◆ **TASK TO COMPLETE**:
Please print out the entries below unchanged and skip the images.

=== Begin Enclosure ===

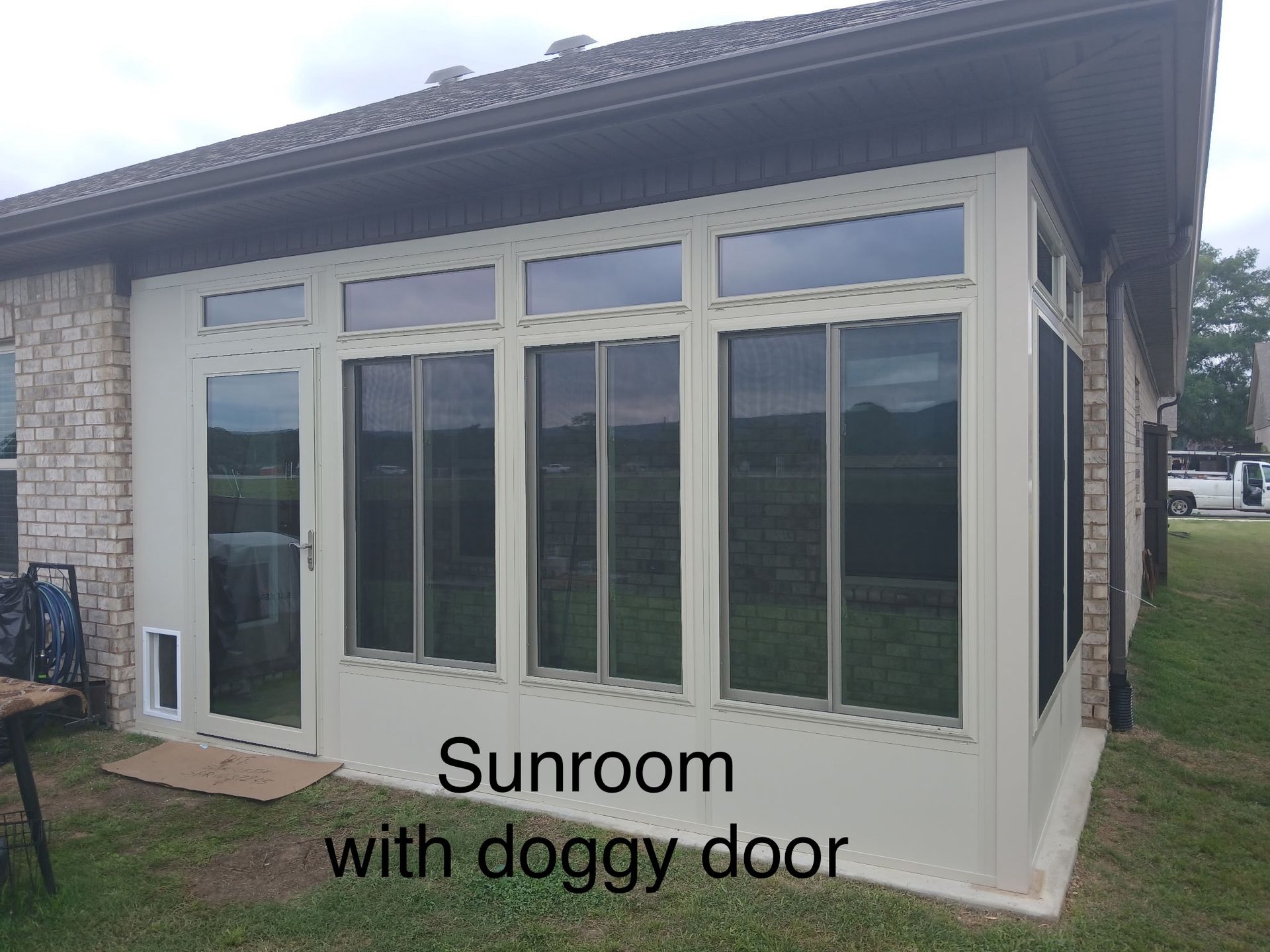 Sunroom with white-framed windows and a doggy door on a gray house exterior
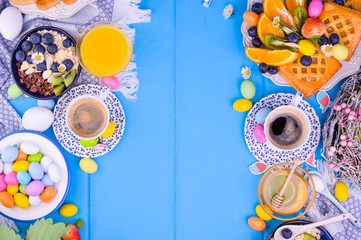 Easter breakfast flat lay. Espresso coffee, cake with jam, cookies, fresh orange juice, fruits, granola, honey, strawberries with leaves and berries . Colored eggs for Easter Sunday. Copy space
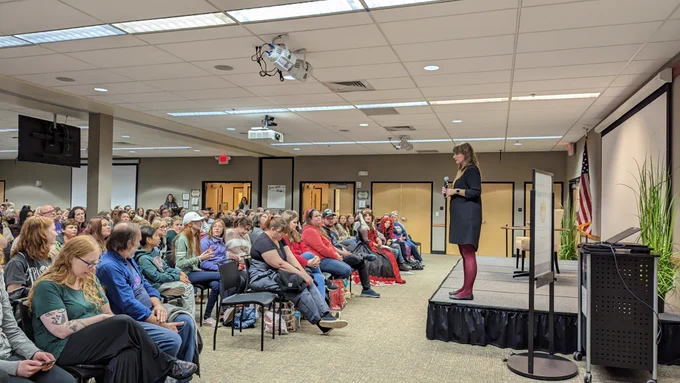 Author Marissa Meyers speaks to a group of 230 readers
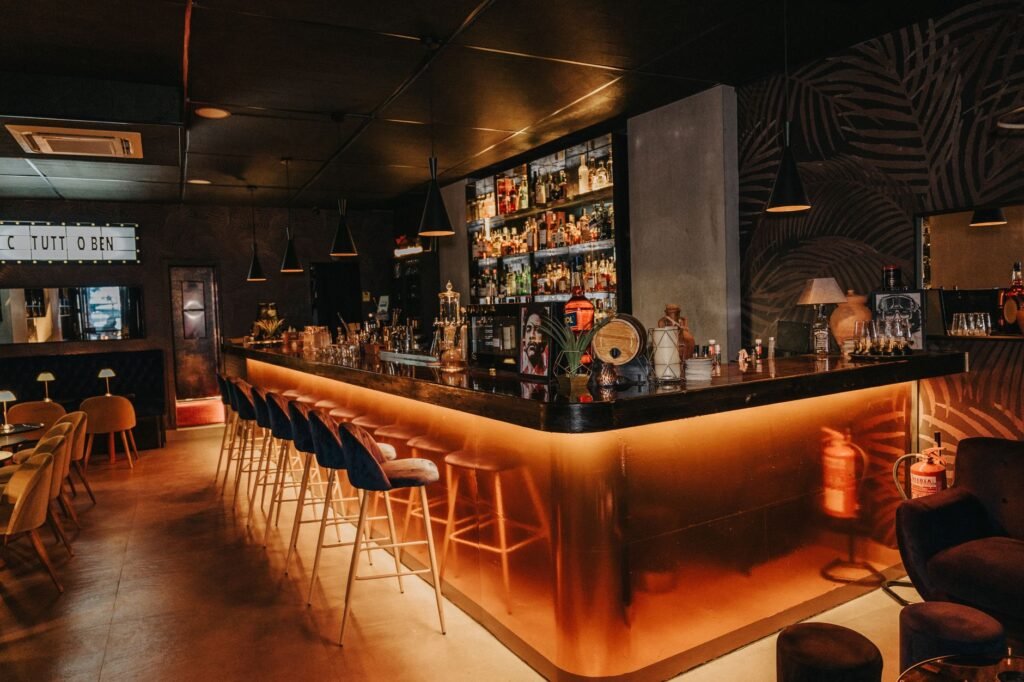 Stylish bar interior featuring an illuminated counter and modern decor, perfect for nightlife.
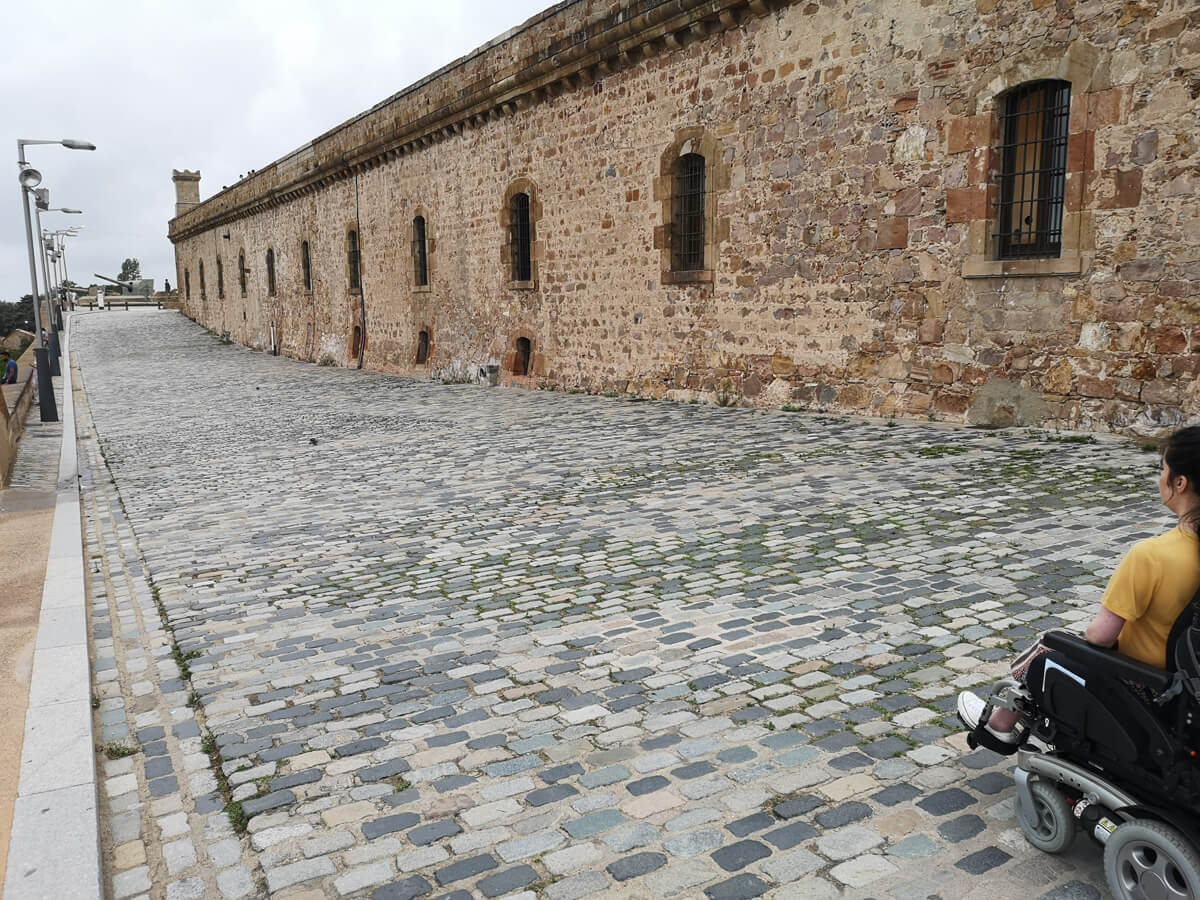 Emma driving her wheelchair along a cobblestone path around the grounds of Montjuïc Castle.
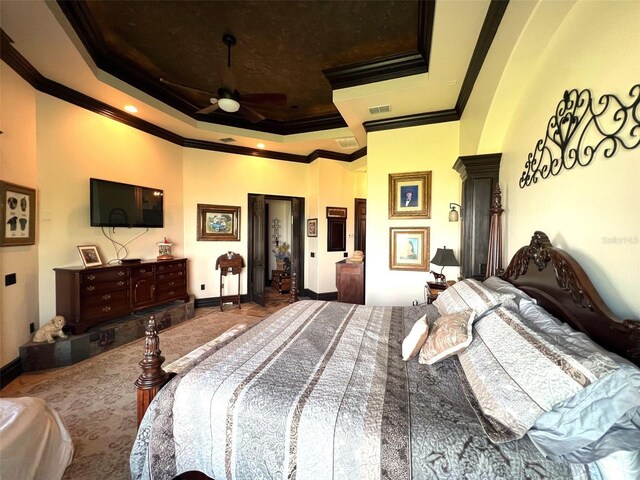 bedroom with a tray ceiling, ceiling fan, and ornamental molding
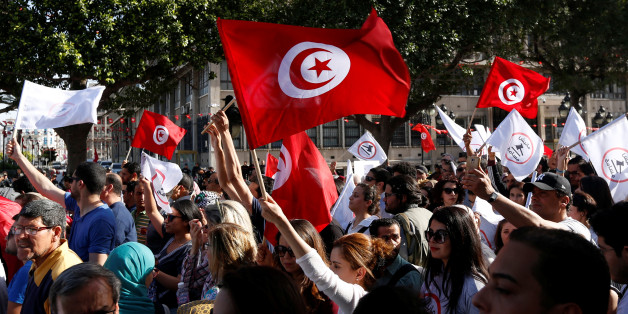 Tunisians demonstrate against a bill that would protect those accused of corruption from prosecution, on Habib Bourguiba Avenue in Tunis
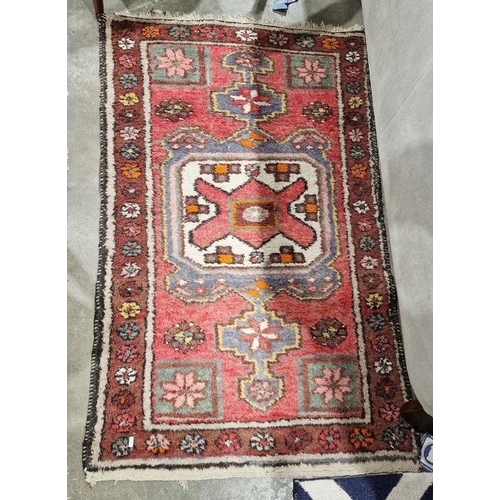 1046 - Modern Eastern style cream ground rug with one row of seven elephant foot guls to multiple geometric... 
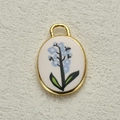 Vintage gold oval pendant featuring light blue floral enamel for DIY jewelry making - Light Blue Flower Style (4)
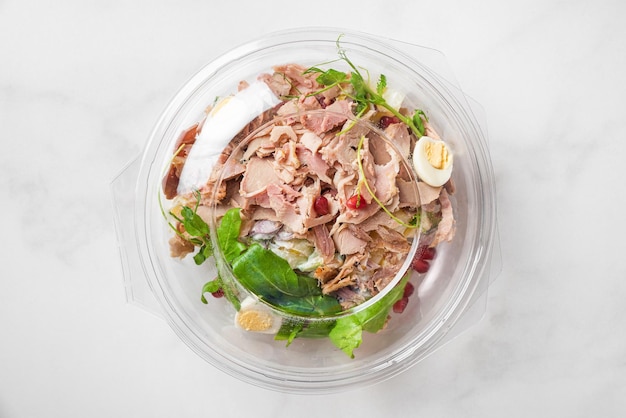 Photo plastic package with healthy baked ham salad for take away or food delivery on white background top view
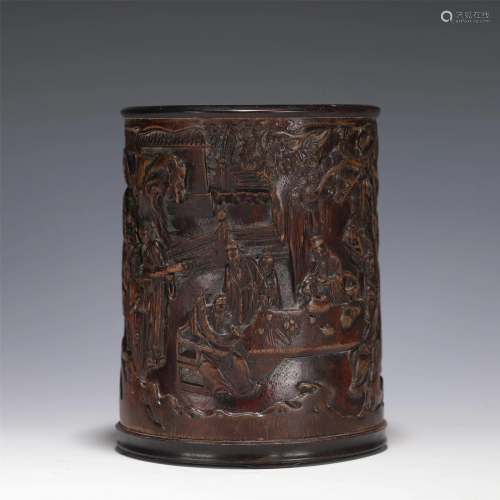 A CARVED ALOESWOOD FIGURAL BRUSHPOT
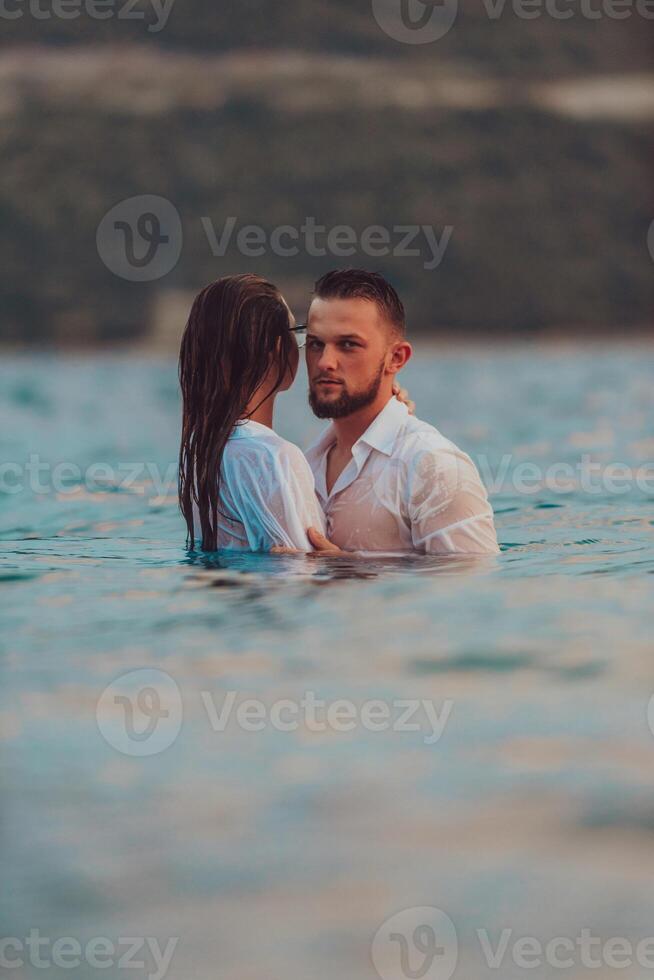 A symbolic and emotionally connected couple tenderly embraces against the backdrop of a serene sea, bathed in the warm hues of a breathtaking sunset photo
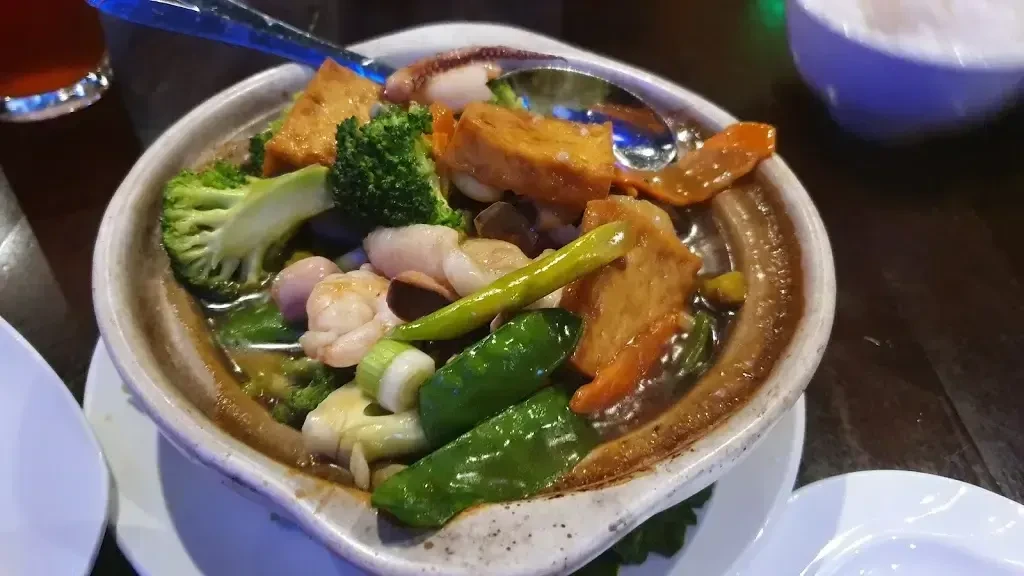 Colorful shrimp, broccoli, and tofu stir-fry served in a ceramic bowl.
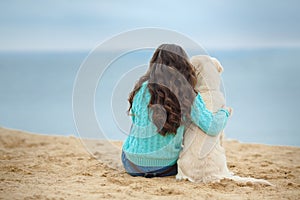 Beautiful girl with her dog near sea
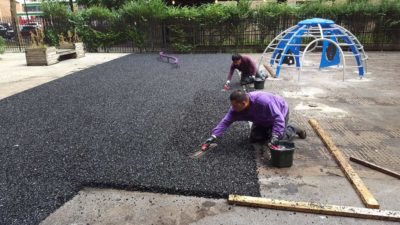 A work team replacing rubber tiles with poured rubber playground surfacing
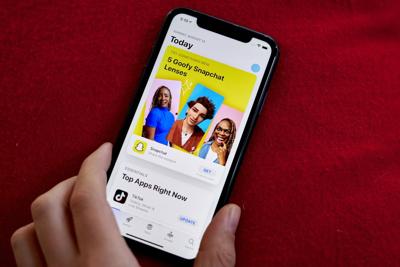 Snap shares plunge 30% in the wake of quarterly loss, layoffs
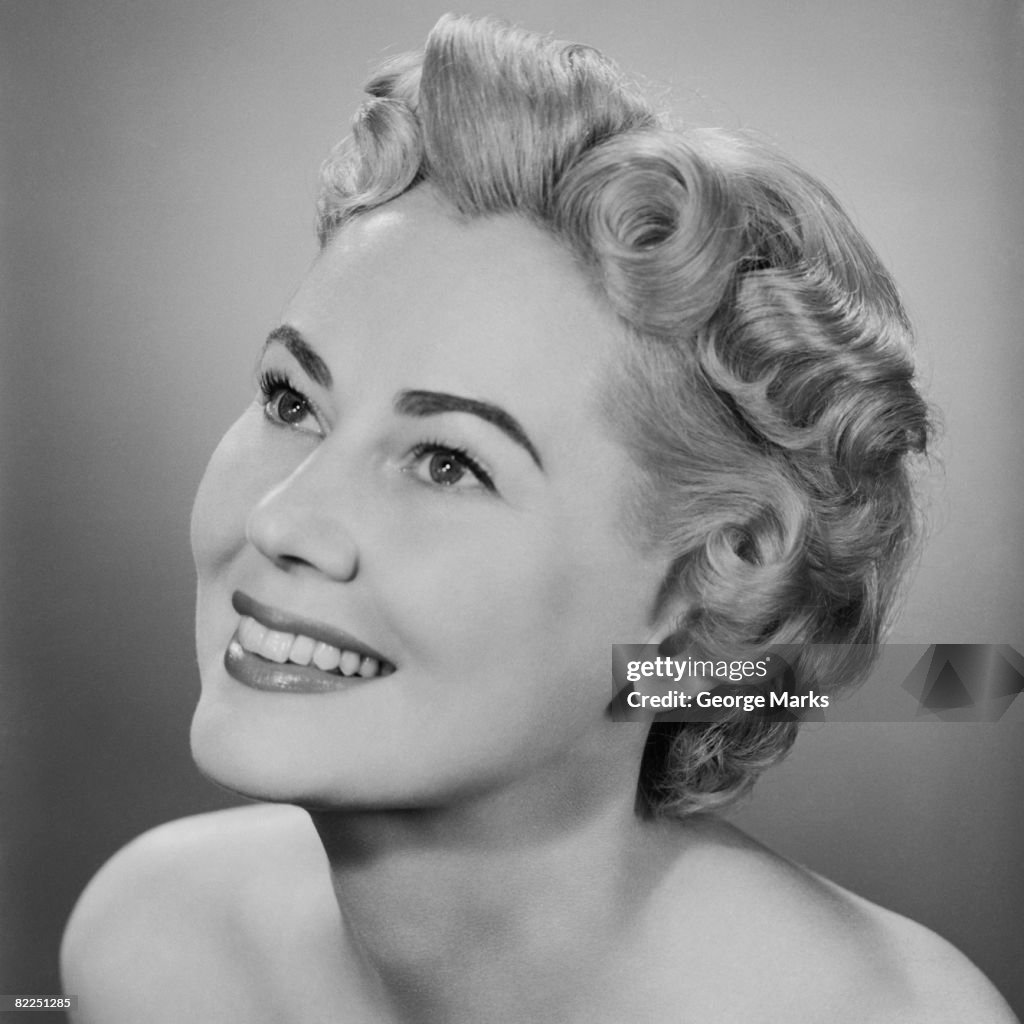 Studio shot of mid adult woman looking up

=== End Enclosure ===

◆ **SOLUTION FOR THIS EXERCISE**:
 Sunroom with white-framed windows and a doggy door on a gray house exterior
 Easter breakfast flat lay. Espresso coffee, cake with jam, cookies, fresh orange juice, fruits, granola, honey, strawberries with leaves and berries . Colored eggs for Easter Sunday. Copy space
 Author Marissa Meyers speaks to a group of 230 readers
 Stylish bar interior featuring an illuminated counter and modern decor, perfect for nightlife.
 Emma driving her wheelchair along a cobblestone path around the grounds of Montjuïc Castle.
 bedroom with a tray ceiling, ceiling fan, and ornamental molding
 Tunisians demonstrate against a bill that would protect those accused of corruption from prosecution, on Habib Bourguiba Avenue in Tunis
 1046 - Modern Eastern style cream ground rug with one row of seven elephant foot guls to multiple geometric... 
 Vintage gold oval pendant featuring light blue floral enamel for DIY jewelry making - Light Blue Flower Style (4)
 Photo plastic package with healthy baked ham salad for take away or food delivery on white background top view
 A CARVED ALOESWOOD FIGURAL BRUSHPOT
 A symbolic and emotionally connected couple tenderly embraces against the backdrop of a serene sea, bathed in the warm hues of a breathtaking sunset photo
 Colorful shrimp, broccoli, and tofu stir-fry served in a ceramic bowl.
 Beautiful girl with her dog near sea
 A work team replacing rubber tiles with poured rubber playground surfacing
 Snap shares plunge 30% in the wake of quarterly loss, layoffs
 Studio shot of mid adult woman looking up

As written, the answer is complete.